As an example: the KKR program helped First Data improved its data center efficiency, saving $17.1 million in electricity costs and avoiding 122,000 metric tons of GHG emissions due to efficiency improvement since 2009.

Driving Top Line Growth

The second area of the newly launched Green Solutions Platform — eco-innovation — focuses on companies’ projects that drive top line growth, plus environmental benefits. “Top-line benefits like revenue growth, employee appreciate, benefits beyond cost savings,” Seeger explains.

Gardner Denver Nash, for example, develops and sells products that help its customers improve their efficiency and reduce their environmental impact in industries including chemical, petroleum, power, paper, mining, environmental, food and wastewater treatment. One such product that KKR says is an eco-innovation is the Nash hybrid system, used to evacuate gases and vapors from vessels, which has been modified to reduce steam consumption by up to 15 percent, thus reducing energy and GHG emissions.

KKR calls the third area eco-solutions. It focuses on companies where the core business, product or service drives a positive environmental impact, such as CITIC Envirotech Limited (CEL), a wastewater treatment plant operator in China whose membrane bio-reactor technology produces treated water that is virtually free of bacteria, microbes, and other suspended solids.

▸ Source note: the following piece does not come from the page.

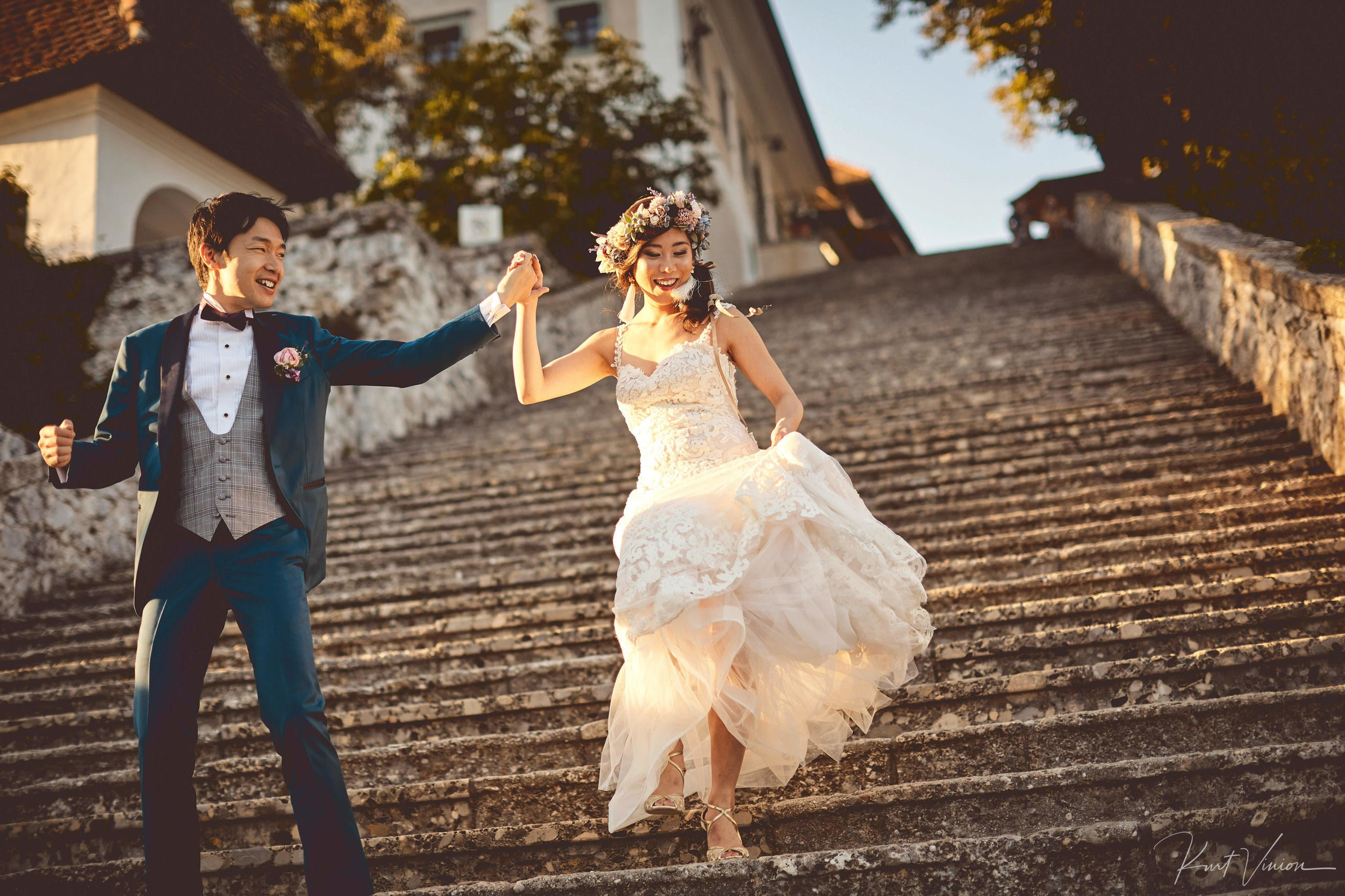 Newlyweds celebrating arms high descending Bled Island 99 steps.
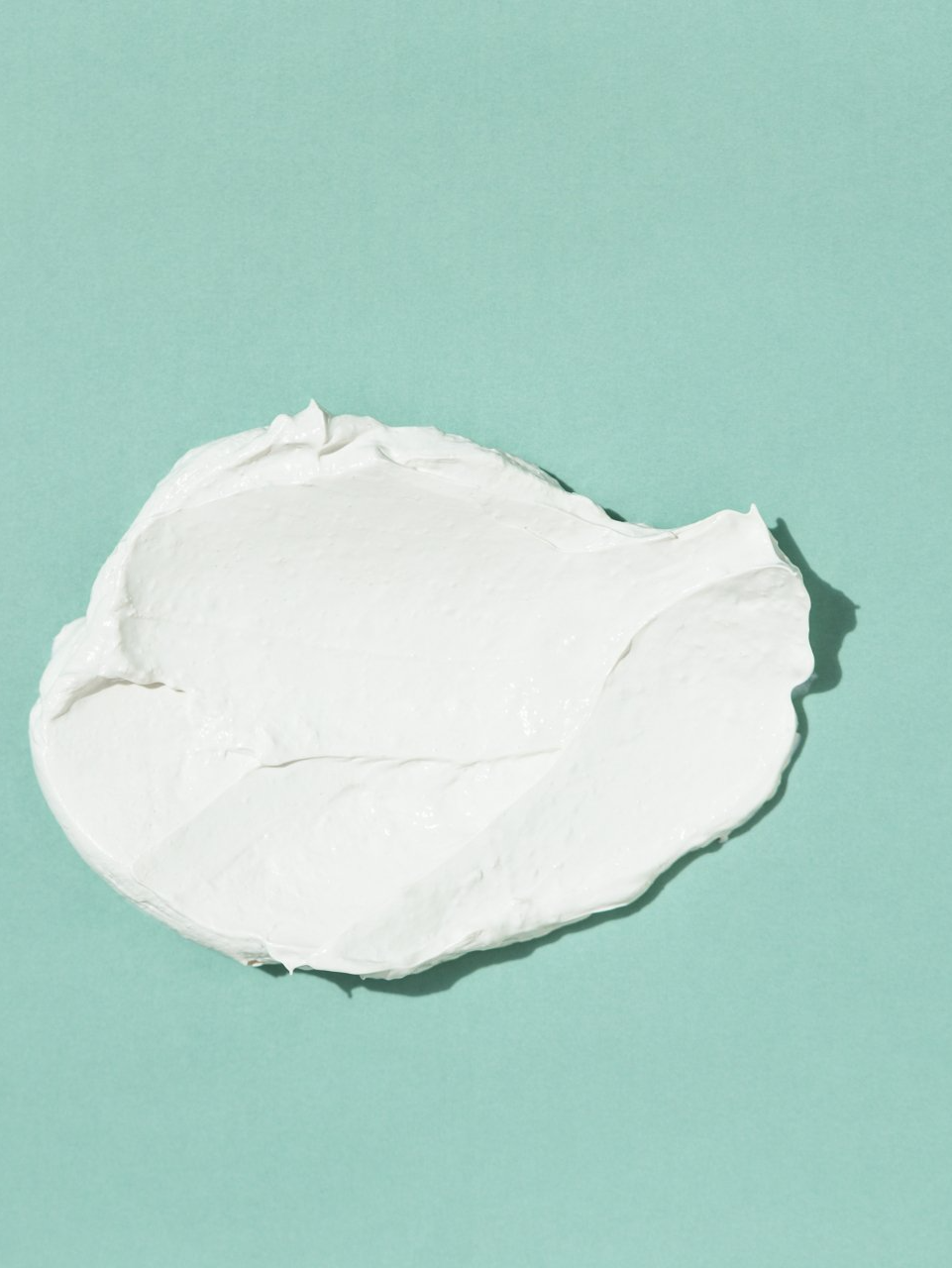 A swatch of white cream on a blue surface.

“KKR’s role in helping these companies succeed is primarily to be an investor,” Seeger says. “We’re helping them grow, helping them create their product line. We’re supporting the business and its growth objective.”

Business Opportunities ‘Are Broader Than Eco-Efficiency’

Seeger says KKR this year saw the largest number of participating companies in the environmental program: “We know that this program will continue to evolve, but we are already very encouraged by the range of companies engaged beyond our private equity portfolio and the opportunities that we have found that are broader than eco-efficiency.”

Private equity portfolio companies reporting results include Alliance Tire Group, Bis Industries, Capsugel, CEL, Dalmia Cement, First Data, Gardner Denver Nash, Gardner Denver Thomas, GoDaddy, HCA, Lake Region Medical, Panasonic Healthcare, Pets at Home, PortAventura, Sundrop Farms, Sungard Availability Services, Tarkett, Toys “R” Us and US Foods. Coriance, an infrastructure portfolio company; Pacific Retail Capital Partners, three shopping malls in KKR’s real estate portfolio; and Ursa, a special situations portfolio company, are also reporting into the program.

Environmental Defense Fund will continue to provide strategic advice to KKR and the new Green Solutions Platform. Says Tom Murray, vice president of corporate partnerships at EDF: “We’re proud to see this effort that we worked with KKR to launch eight years ago continue to evolve, expanding beyond the bottom-line benefits of eco-efficiency to the potential top-line benefits from companies making environmental solutions core to their business models.”